Cowboy action shooters, who were familiar with the movie debuts of the big Winchester in The Professionals (1966) and The Life and Times of Judge Roy Bean (1972), were a natural market for the intriguing model.
Then flashing across the screen in 1991 in the hands of Arnold Schwarzenegger in Terminator 2: Judgment Day was a sawn-off barrel and pistol grip stocked lever-action Winchester. Hollywood producers seemed to fall in love with Winchester’s lever-action shotgun because in a matter of years it made a series of big screen appearances in Jumanji (1995), The Long Kiss Goodnight (1996), The Mummy Returns (2001), Monte Walsh (2002), Ghost Rider (2007), Hot Fuzz (2007), Sherlock Holmes (2009), Public Enemies (2009) and Sherlock Holmes: A Game of Shadows (2011). Hollywood should have awarded it an Oscar.
It didn’t take long for companies like Cimarron Firearms and Chiappa to move quickly to fill the demand with the most recent and most affordable model being imported from China by Century International Arms. The model pictured here is the Century International Arms 20-inch barreled, 12-gauge, riot gun rendition which is being made for them in China by the Zhong Zhou Machine Works. It carries with it a suggested retail price of only $399.95.
The Century International Arms model is not as nicely machined and finished as an original or as one of the more costly replicas. It incorporates an abundance of cast parts, but it functions just like an original Winchester, and it functions fine as long as you cycle the action with gusto.

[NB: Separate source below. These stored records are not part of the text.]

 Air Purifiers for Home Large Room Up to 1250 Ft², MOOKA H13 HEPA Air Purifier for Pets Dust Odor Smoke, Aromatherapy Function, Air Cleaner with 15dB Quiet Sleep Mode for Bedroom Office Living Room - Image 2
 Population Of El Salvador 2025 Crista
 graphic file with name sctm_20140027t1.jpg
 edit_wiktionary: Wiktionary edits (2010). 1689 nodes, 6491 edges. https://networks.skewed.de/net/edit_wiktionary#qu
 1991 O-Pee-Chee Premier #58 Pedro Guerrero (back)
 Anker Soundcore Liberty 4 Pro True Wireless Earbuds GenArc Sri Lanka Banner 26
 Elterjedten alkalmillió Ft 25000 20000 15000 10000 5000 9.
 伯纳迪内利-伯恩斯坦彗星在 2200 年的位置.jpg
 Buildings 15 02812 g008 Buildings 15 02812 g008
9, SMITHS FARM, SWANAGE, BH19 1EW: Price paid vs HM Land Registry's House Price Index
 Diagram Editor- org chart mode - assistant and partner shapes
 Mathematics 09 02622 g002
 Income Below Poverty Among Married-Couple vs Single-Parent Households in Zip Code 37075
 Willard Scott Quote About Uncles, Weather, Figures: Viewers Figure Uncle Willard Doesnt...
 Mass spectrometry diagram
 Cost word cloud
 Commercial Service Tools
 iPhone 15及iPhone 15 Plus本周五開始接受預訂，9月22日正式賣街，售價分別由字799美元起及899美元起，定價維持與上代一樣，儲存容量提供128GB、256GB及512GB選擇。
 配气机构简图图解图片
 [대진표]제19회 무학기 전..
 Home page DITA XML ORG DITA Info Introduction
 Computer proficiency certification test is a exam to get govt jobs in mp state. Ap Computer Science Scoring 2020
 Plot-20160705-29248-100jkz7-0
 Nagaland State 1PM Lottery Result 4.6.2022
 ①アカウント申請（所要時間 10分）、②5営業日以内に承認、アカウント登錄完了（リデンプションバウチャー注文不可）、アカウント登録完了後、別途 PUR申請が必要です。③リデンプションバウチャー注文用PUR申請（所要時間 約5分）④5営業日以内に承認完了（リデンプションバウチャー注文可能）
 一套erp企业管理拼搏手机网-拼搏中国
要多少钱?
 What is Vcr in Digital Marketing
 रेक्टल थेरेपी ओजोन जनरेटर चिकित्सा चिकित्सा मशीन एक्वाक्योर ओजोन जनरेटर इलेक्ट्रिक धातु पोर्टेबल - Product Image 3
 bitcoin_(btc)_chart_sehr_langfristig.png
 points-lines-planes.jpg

The bore at the muzzle measures 0.725 inch on my gun, which places the choke midway between cylinder and improved cylinder, and I have been extremely pleased with the uniform and well centered patterns it throws at 25 yards.
The Century Model PW87 is one of those unique, historical and affordable fun guns. I could see myself carrying it hunting cottontails over beagles or quail over pointers. It’s perfect for informal clays shooting, and you’ll probably be the only one in the community to own one.
“Iconic” is the word for Winchester’s big lever-action shotgun, simply iconic!